**Task to carry out:** Taking the line with "Giantex 3-Tier Oval Glass Coffee Table" as the first and the line with "日本直邮GU 棉质彩色休闲套装(短袖)(猫咪)睡衣" as the last, set down exactly every line in that range from the entries below, and no more.

**Data provided:**
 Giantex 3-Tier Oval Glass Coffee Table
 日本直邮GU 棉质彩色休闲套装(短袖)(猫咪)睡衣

...

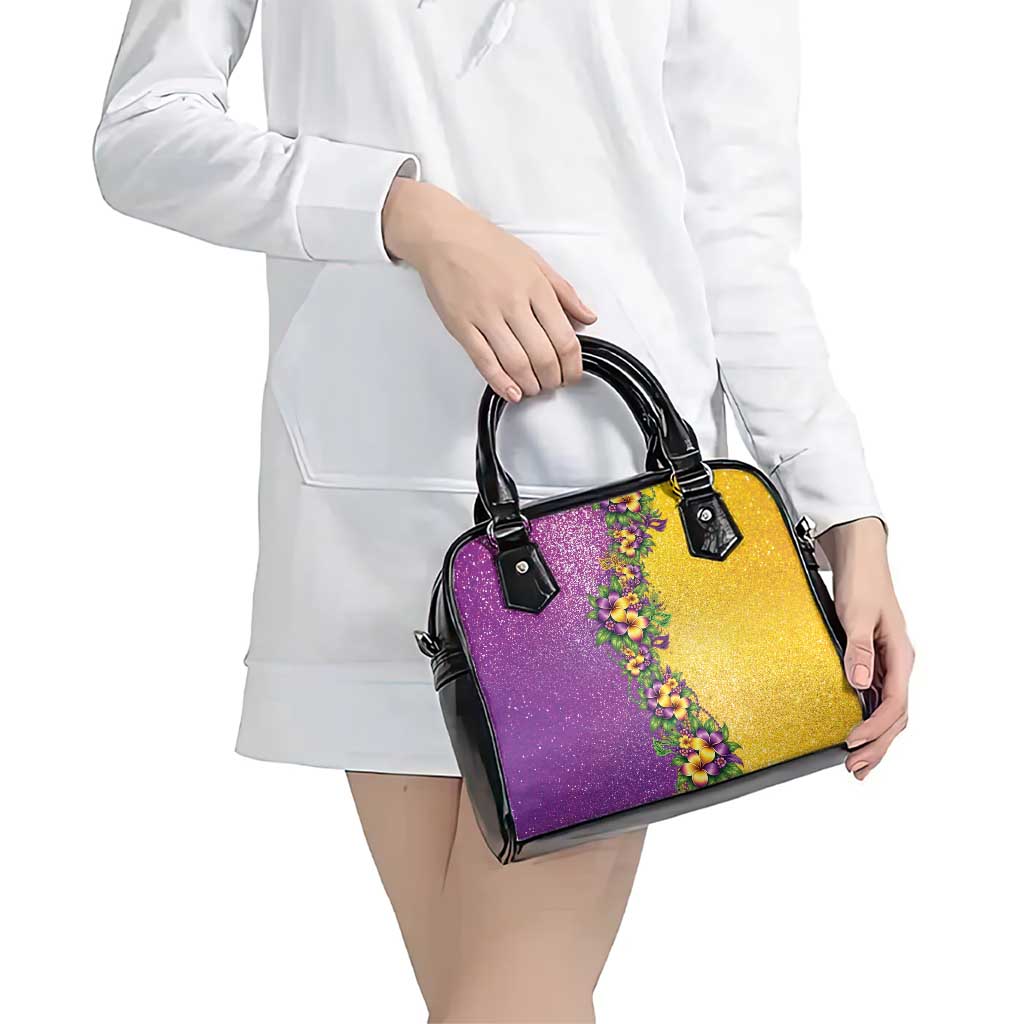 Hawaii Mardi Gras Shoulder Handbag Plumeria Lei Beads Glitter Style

**Task solution:**
 Giantex 3-Tier Oval Glass Coffee Table
 日本直邮GU 棉质彩色休闲套装(短袖)(猫咪)睡衣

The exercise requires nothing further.